10. Hukuk Dairesi Esas No: 2010/17372 Karar No: 2012/4814
Yargıtay 10. Hukuk Dairesi 2010/17372 Esas 2012/4814 Karar Sayılı İlamı
Özet:
Davacı, su ve kanalizasyon işlerinde kesintisiz olarak çalıştığını iddia ederek, hizmet tespiti isteğinde bulunmuştur. Ancak mahkeme, beş yıllık hak düşürücü sürenin geçtiği gerekçesiyle davanın reddine karar vermiştir. Kanuna göre, sigortalıya ilişkin olarak işe giriş bildirgesi, dönem bordrosu gibi yönetmelikte belirtilen belgelerin Kuruma verilmemesi veya çalışmaların Kurumca tespit edilememesi halinde, hak düşürücü süre geçerlidir. Mahkemece eksik araştırma yapılarak hüküm kurulmuştur ve davacının temyiz itirazları kabul edilmiştir.
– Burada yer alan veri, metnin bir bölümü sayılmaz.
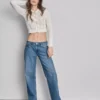 Lässige Denim-Jeans mit niedriger Leibhöhe und geradem Bein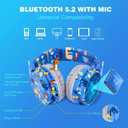 QearFun Cool Dinosaur Bluetooth Headphones, 85dB Safe Volume Limit, Wireless & 3.5mm Wired Headset with Mic, Bluetooth 5.2, Fast Charging, Foldable,for School, Tablet, Travel, Airplane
Kanun maddeleri ise; davanın yasal dayanağı 5510 sayılı Kanunun geçici 7/1’nci maddesi uyarınca uygulama alanı bulan mülga 506 sayılı Kanunun 79’uncu maddesi ve anılan maddenin 10’ncu fıkrasıdır.
10. Hukuk Dairesi 2010/17372 E. , 2012/4814 K.
"İçtihat Metni"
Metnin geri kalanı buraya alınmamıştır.